Posted on 01/11/2022 3:54:27 AM PST by Kaslin
The Algemeiner, a Jewish publication I highly respect, published a column about Judaism that is not merely wrong; it actually advances a thesis that is the opposite of what Judaism teaches.
That fact alone would not have prompted me to write a rebuttal. What prompts me is that the column was written by an Orthodox rabbi. It is sad enough that many non-Orthodox rabbis have been influenced more by their secular/Left educations than by the Torah. But when a rabbi identified as "centrist Orthodox" distorts one of the most important and normative ideas in Judaism, and is published in a major Jewish journal, we might be in trouble. Of course, he might be an outlier. But I don't think he is unique.
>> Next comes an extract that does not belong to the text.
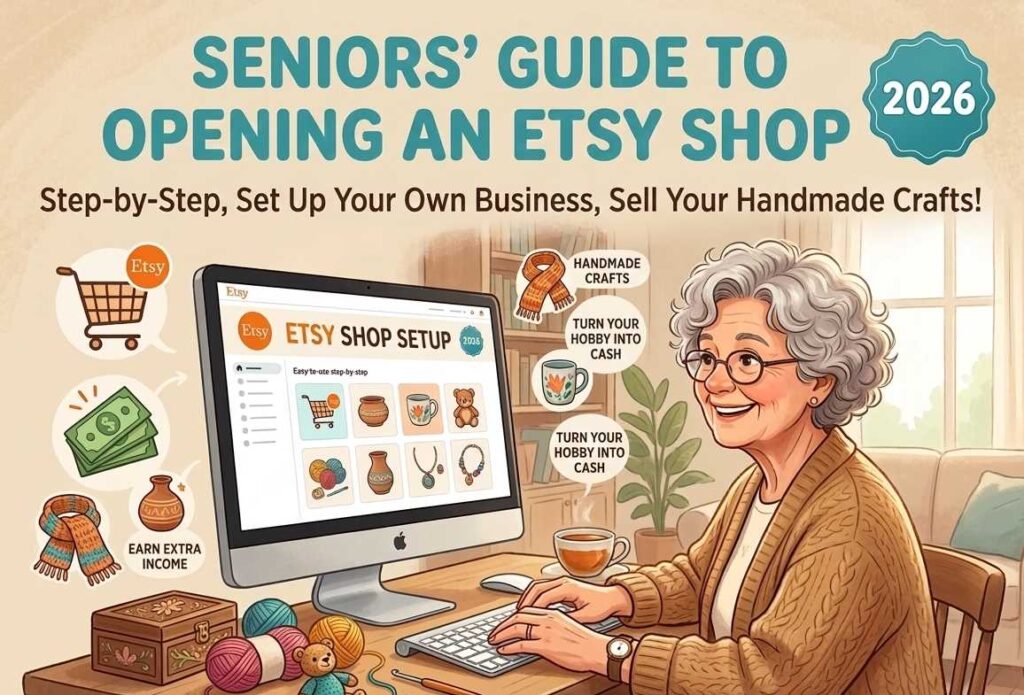 Senior woman setting up an Etsy shop to sell handmade crafts in 2026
Though certainly not yet dominant, secular values have entered parts of modern Orthodox life just as they have traditional Catholic and Protestant Christian life.
With regard to mainstream Christianity -- both Catholicism and Protestantism -- and non-Orthodox Judaism, we are indeed in trouble. The secular and leftist influence on these denominations has been disastrous.
I should note that I am not mentioning the rabbi's name as I have no desire to make this issue personal, let alone engage in an ad hominem attack. I know that the curious can identify the rabbi by searching the internet, but I cannot control that. I can only control what I write. And since I assume that this rabbi is a sincere individual, I want to restrict my response to what he wrote.
The rabbi wrote that Judaism posits that people are basically good, that human nature is good.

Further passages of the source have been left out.